--- HOW TO COMPLETE THIS TASK ---
Return the following from the records below: each line, word for word, starting with the line that contains "Noah's Ark NES-NH-FRG Konami Cartuccia PAL" and going on through the line that contains "MERCEDES-BENZ E-CLASS - 5", with nothing outside that range.

--- GIVEN ENTRIES ---
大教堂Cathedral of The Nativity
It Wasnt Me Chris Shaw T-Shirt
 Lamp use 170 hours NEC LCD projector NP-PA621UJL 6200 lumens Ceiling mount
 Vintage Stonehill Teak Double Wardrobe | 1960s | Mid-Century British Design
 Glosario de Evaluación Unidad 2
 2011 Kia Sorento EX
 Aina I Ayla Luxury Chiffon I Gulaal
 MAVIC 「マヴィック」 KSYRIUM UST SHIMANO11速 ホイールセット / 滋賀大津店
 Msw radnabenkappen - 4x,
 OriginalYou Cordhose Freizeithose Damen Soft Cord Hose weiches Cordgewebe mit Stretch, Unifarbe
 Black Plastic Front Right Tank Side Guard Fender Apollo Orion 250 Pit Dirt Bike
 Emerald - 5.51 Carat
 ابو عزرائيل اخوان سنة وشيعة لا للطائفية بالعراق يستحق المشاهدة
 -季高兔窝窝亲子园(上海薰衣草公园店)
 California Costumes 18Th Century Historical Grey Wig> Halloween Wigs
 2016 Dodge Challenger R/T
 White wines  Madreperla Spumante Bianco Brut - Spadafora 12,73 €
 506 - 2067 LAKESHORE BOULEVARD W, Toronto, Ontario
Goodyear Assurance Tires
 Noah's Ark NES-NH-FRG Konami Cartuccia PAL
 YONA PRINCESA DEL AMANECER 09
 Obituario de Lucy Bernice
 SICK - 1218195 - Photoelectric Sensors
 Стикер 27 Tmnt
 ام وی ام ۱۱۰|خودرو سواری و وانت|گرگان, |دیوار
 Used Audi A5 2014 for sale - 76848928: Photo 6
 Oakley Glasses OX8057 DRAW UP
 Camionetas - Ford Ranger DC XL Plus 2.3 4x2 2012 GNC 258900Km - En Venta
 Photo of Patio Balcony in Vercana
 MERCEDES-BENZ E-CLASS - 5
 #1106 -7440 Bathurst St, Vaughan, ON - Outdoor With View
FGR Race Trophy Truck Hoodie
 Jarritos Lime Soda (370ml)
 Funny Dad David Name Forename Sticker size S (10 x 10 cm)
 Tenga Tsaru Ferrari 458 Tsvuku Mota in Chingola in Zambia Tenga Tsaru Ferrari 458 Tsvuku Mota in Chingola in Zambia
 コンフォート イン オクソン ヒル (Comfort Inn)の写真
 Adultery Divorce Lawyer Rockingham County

--- WRITTEN ANSWER ---
 Noah's Ark NES-NH-FRG Konami Cartuccia PAL
 YONA PRINCESA DEL AMANECER 09
 Obituario de Lucy Bernice
 SICK - 1218195 - Photoelectric Sensors
 Стикер 27 Tmnt
 ام وی ام ۱۱۰|خودرو سواری و وانت|گرگان, |دیوار
 Used Audi A5 2014 for sale - 76848928: Photo 6
 Oakley Glasses OX8057 DRAW UP
 Camionetas - Ford Ranger DC XL Plus 2.3 4x2 2012 GNC 258900Km - En Venta
 Photo of Patio Balcony in Vercana
 MERCEDES-BENZ E-CLASS - 5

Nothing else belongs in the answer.